Un tableau peint à l’huile est parfait une fois verni et encadré. Cinq années de pratique de la peinture en témoignent. Pourtant, le cadre est un objet ornemental que le spectateur ne remarque que très rarement. Boisé ou d’acier, d’un mat ombré ou d’un doré scintillant, fine baguette ou large et sculptée, artistes, galeristes et collectionneurs disposent d’une large palette de cadres pour mettre en valeur les éléments d’une toile. Mais la valeur du cadre est aussi un indicateur de l’aisance de son propriétaire. Ensuite, l’enjeu du cadre est de mettre en lumière une situation, un personnage, un détail qui figure au centre ou dans un coin d’une image. Ainsi, choisir le bon cadre est difficile et nécessite un réel travail de metteur en scène, car si le statut du cadre est dans l’ombre, son rôle est d’illuminer l’image qu’il encadre sous le regard de son spectateur. Enfin, le cadre a une fonction structurante, car il établit une barrière entre l’objet imagé et le sujet observant. Le cadre est une fenêtre fixe à travers laquelle je plonge mon regard pour témoigner d’une brève scène picturale. Or, une analyse phénoménologique d’après Mikel Dufrenne conduirait même à voir dans le cadre un objet qui délimite deux sujets propres, à savoir le contemplateur et l’œuvre d’art, pour les unir autour d’une relation transcendantale, proprement esthétique.

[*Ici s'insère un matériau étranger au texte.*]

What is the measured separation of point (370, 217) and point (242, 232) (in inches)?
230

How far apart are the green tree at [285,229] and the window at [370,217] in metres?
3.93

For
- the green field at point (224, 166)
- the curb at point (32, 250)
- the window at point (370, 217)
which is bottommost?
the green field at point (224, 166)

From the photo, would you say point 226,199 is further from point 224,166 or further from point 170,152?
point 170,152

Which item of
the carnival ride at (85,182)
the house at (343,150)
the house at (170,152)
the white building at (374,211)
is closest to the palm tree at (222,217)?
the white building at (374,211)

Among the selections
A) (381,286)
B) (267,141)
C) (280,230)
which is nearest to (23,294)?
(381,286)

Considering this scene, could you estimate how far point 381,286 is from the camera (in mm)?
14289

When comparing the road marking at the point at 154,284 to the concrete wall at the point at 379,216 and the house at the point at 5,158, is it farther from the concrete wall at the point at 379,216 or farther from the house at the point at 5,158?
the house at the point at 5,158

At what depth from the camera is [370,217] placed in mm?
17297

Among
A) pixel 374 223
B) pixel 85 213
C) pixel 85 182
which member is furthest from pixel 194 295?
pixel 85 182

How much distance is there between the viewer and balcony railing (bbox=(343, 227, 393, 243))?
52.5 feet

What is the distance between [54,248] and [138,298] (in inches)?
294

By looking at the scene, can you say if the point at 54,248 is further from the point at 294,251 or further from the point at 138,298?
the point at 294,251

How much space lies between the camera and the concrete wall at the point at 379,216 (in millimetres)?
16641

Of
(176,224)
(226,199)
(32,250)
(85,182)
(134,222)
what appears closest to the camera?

La pratique de l’encadrement remonte à l’âge néolithique, il y a cinq mille ans. D’abord symbolique à l’âge de pierre (5800-2500 av. J-C) à travers une bordure dessinée autour d’une fresque, l’encadrement technique ou encadrement de conservation de développe à l’âge de fer (1200-800 av. J-C) comme un cadre en trois dimensions qui est peut-être accroché au mur. Ces deux méthodes de délimitation d’une image ont ceci en commun qu’ils isolent l’espace figuré et servent de transition entre celle-ci et l’environnement où elle se trouve.

Analysons donc cet objet à mesure que nous nous en approchons, suivant la méthode deweyienne qui s’intéresse à l’expérience comme enquête transactionnelle. En tant qu’objet déterminant, le cadre donne au premier abord une indication sur le contexte historique de l’œuvre et le statut social de son propriétaire; en tant qu’objet esthétique, il conditionne le regard que nous apposons à l’approche de l’image, à travers la tonalité qu’il favorise ou en attirant notre attention sur certains détails; en tant qu’objet structurant, le cadre produit une relation particulière entre le spectateur positionné en face de l’œuvre et cette dernière, tendant vers un renversement schopenhauerien entre l’objet et le sujet. Toutefois, la révolution de l’art contemporain tend à abolir, en même temps que la structure, le règne du cadre – nous y reviendrons. Dans quelle mesure le cadre signifie-t-il bien plus qu’une délimitation d’une image ?

Le cadre, vu de loin : un objet déterminant

Au premier abord, le cadre possède une physicalité indicatrice d’un contexte qui situe non seulement l’image qu’il encadre historiquement, mais aussi identifie son propriétaire en termes d’aisance et de style propre. Prenons l’exemple de la pratique de l’encadrement en peinture comme indication du courant esthétique à l’œuvre. À chaque mouvement artistique son cadre : l’art du retable au XIIIe siècle développe une armature qui sert à faire tenir ensemble, à la verticale, les panneaux peints et à empêcher qu’ils ne se déforment – fonction à la fois technique et esthétique ; le cadre à feuillure est mis au point vers 1520 et perdure jusqu’au XVIe siècle ; durant cette dernière période, deux types majeurs de cadres se côtoient, le cadre architectural et le cadre dit a cassetta ; etc… Cette histoire des cadres informe les conservateurs de musée sur le choix du cadre et les techniques de restauration des œuvres historiques. La physicalité du cadre remplit donc une fonction archéologique dans le sens étymologique – elle témoigne de commandes des temps anciens.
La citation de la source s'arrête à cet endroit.